If you’ve ever wanted to start a blog, write an e-book, or create your own online home powerhouse to showcase your creative ideas, then it’s time to make it happen. I’m thrilled to announce a LIVE evening workshop with some of my favorite people (@Holstee!), an extra-special co-teacher that I happen to adore — and be, well, married to.

And — YOU, of course!

If you’re in New York on Monday, October 20th, you’re invited to the Holstee laboratories in Brooklyn for an evening event focused on crafting your voice, your art, and your work — and translating it to the online world. The Holstee studio and company, home to the to the globally-loved This is Your Life manifesto, are focused on mindful living practices and creating art, experiences, and opportunities to change the way people look at life.

Do what you love and do it often — @Holstee twitter bird

In our first-ever LIVE class together, my husband Alex and I are going to be teaching a workshop focused on creating your own online home — and navigating all the tools and opportunities to discover how to best showcase you and your work in this increasingly noisy (internet) world.

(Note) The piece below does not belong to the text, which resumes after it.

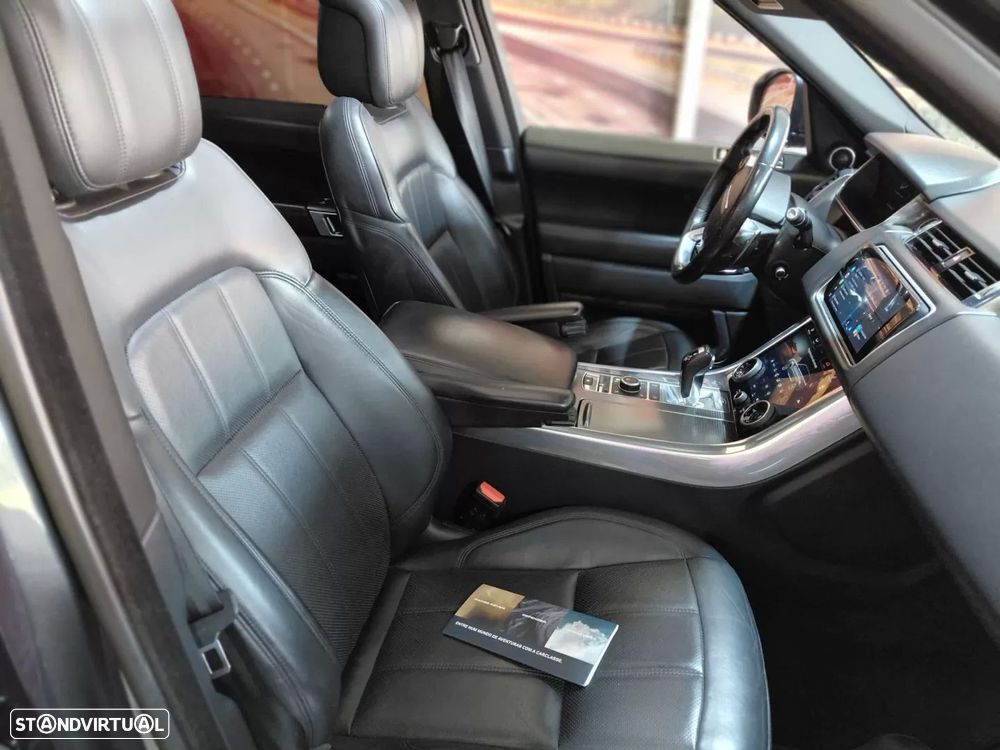 Land Rover Range Rover Sport 2.0 Si4 PHEV HSE Dynamic - 25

There has never been a better time to have your voice heard and your work seen.

From book publishing and graphic design, to content strategy and thought leadership, Alex and I have each spent over a decade working in communications, design, and publishing — and we’re bringing these goods to a private, 20-person laboratory style event. Think of it as a guided session built around our best-knowledge combined with all your questions.

Join us at the live event! We’ll look at:

  • Understanding where you want to go and what tools you can use to get you there;
  • The nuts-and-bolts for creating great graphics, imagery, and words to reflect your personality and soul.
  • How to hone your voice with Sarah’s “content strategy toolkit” to help make writing easier, more manageable — and published!
  • Best-practices for working with designers to execute your vision — distilling Alex’s experience in the industry working as a designer and design strategist with global leaders;
  • The art of creating your online home and how to craft a meaningful space that resonates with who you are.

Want to create an online home that you love?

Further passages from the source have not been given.